Totalitária? A democracia poderá ser totalitária? Blasfêmia! Horror! Sacrilégio! Nós vimos, nos fins do ano 1976, o general Pinochet, presidente do Chile, declarar numa entrevista à televisão colombiana que pretendia fundar em seu país uma “democracia autoritária”. Por acaso ou malícia, jornais como o Le Monde de 23 de dezembro imprimiram as manchetes: “democracia totalitária”, e os intelectuais debocharam em uníssono, dizendo que o general era decididamente um ignorante, um imbecil, e que lhes custava crer que ainda pudesse existir na superfície da terra, em pleno século XX, alguém tão retardado, tão desprovido de instrução laica e obrigatória, a ponto de ser capaz, o coitado, de falar em círculo quadrado, de submarino alado, e de não compreender que totalitarismo e democracia são coisas tão incompatíveis entre si quanto a água e o fogo, o branco e o preto, o sim e o não. A Rádio Vaticano distinguiu-se, tanto quanto o Le Monde, nesse tipo de divertimento. No entanto, eles mesmos têm o partido comunista por um partido democrático, gozando direito de existência legal em toda verdadeira democracia (enquanto que os partidos fascistas devem ser interditos), os mesmos por vezes confessam que esse partido ainda segue um pouco totalitário demais, mas não tem problema, falar em “democracia totalitária” é que é um absurdo.
Nós usaremos o termo democracia totalitária, pois entendemos que ela o é. O totalitarismo comunista não é uma anomalia no universo democrático, mas a sua conclusão lógica; a conclusão necessária; a conclusão inevitável se, para impedi-lo, não intervier algo a mais do que a política e a moral democráticas. Pois a democracia moderna traz consigo o totalitarismo como a semente carrega consigo a colheita. Ela é totalitária desde a origem, não necessariamente em todas as suas formas sucessivas: ela o é no seu princípio. Ela só se limita por uma declaração de direitos ditos “imprescritíveis”, mas proclamados por uma autoridade que pode perfeitamente mudá-los, decretar outros ou aboli-los. Ela já os mudou muitas vezes, bem como já decretou novos direitos “imprescritíveis”. Ela já os suspendeu ou os aboliu. Não são mais direitos. Não existe, na democracia moderna, nenhum direito que possa ser democraticamente garantido e mantido contra a vontade geral.
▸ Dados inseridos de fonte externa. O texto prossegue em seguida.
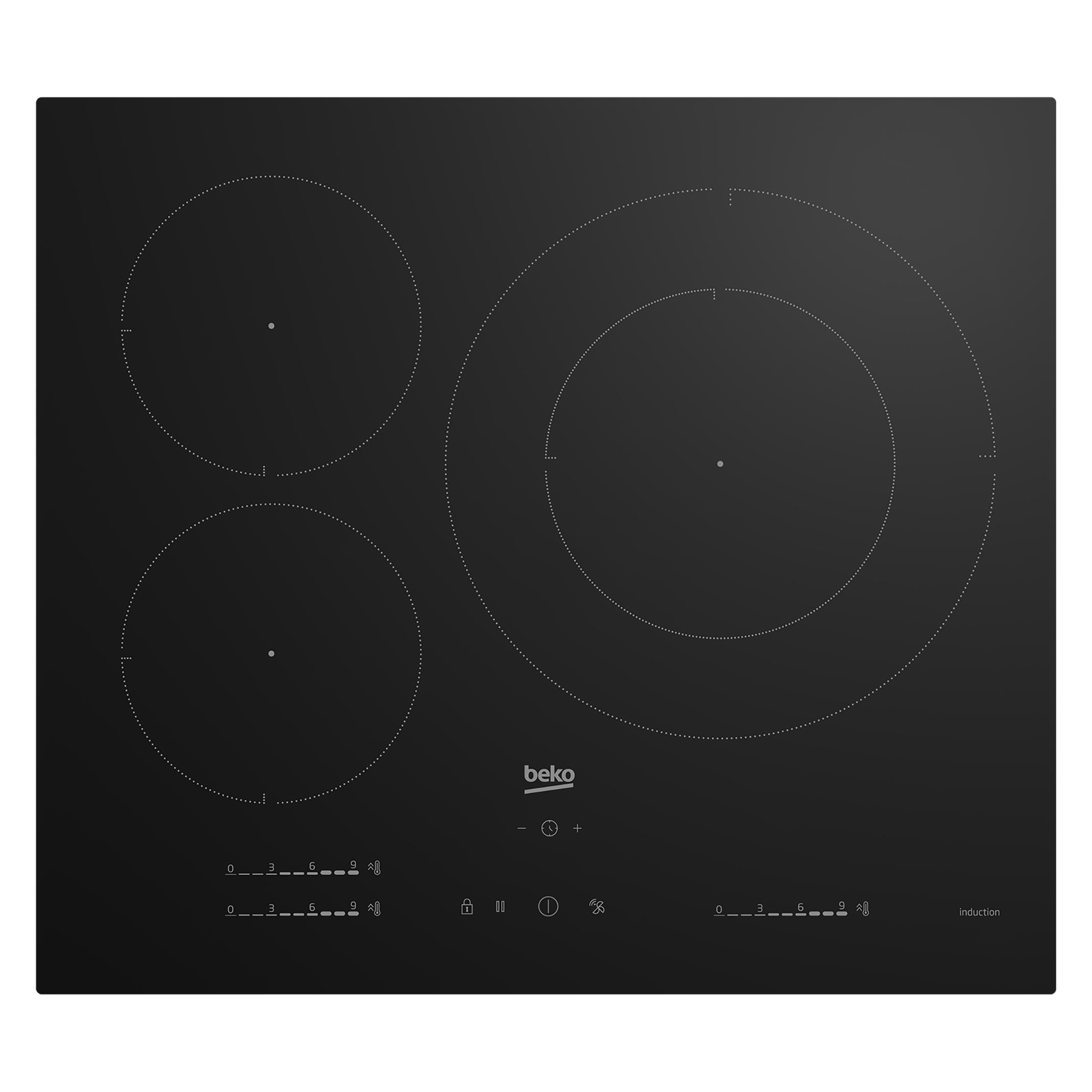 Beko HII 63720 UT (59 cm, Induktionskochfeld) (HII 63720 UT)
Essa realidade é mais ou menos velada pelo artifício da constituição. A “constituição” era inicialmente uma garantia contra arbitrariedades do príncipe. A monarquia mesma, sob condição de ser uma monarquia constitucional, poderia sobreviver nos tempos novos. A Declaração dos Direitos de 1789 diz em seu artigo 16: “Toda sociedade na qual a garantia dos direitos não esteja assegurada, nem a separação de poderes determinada, não possui uma constituição”. A garantia de direitos assegurada, mas por quem? Substitui-se uma liberdade tida como arbitrária, a do príncipe, por uma arbitrariedade tida como liberdade, a vontade geral. Não se conhecem mais os LIMITES definidos — e que são os únicos reais — que a ordem antiga impingia ao poder temporal do príncipe. Esses limites eram religiosos. Eram os da religião natural, do decálogo, da piedade filial e nacional, do respeito aos costumes, da franqueza e da palavra dada. Os da religião revelada, do poder espiritual da Igreja que educava a consciência religiosa da nação. Não era suficiente? Era frágil? Não se criou nada de mais sólido. Contra a arbitrariedade pessoal, estabeleceram-se garantias constitucionais que tiveram por conseqüência direta instituir a arbitrariedade coletiva, que não é menor, e pode ser pior, como é o caso mais freqüente, conforme notava Santo Tomás no capítulo quinto da primeira parte de De regno.
Uma vez que a garantia contra o rei se tornou “constitucional”, a constituição deveria ser hoje uma garantia contra a tirania da vontade geral: mas ela não quer sê-lo. Garantia contra os governantes, ela se apresenta, superiora a eles, como um conjunto de leis intangíveis. Sempre existe, nas nossas democracias ocidentais, alguma assembléia superior, alguma corte suprema tendo a função de proferir julgamento sobre a “constitucionalidade” das leis e decretos: pode-se apelar aí das decisões da assembléia legislativa e do governo, que são no entanto um e outro designados pela maioria soberana. Assim se restabelece a idéia de valores permanentes e superiores, de princípios, de direitos aos quais seja impossível tocar. Mas é assim só na aparência.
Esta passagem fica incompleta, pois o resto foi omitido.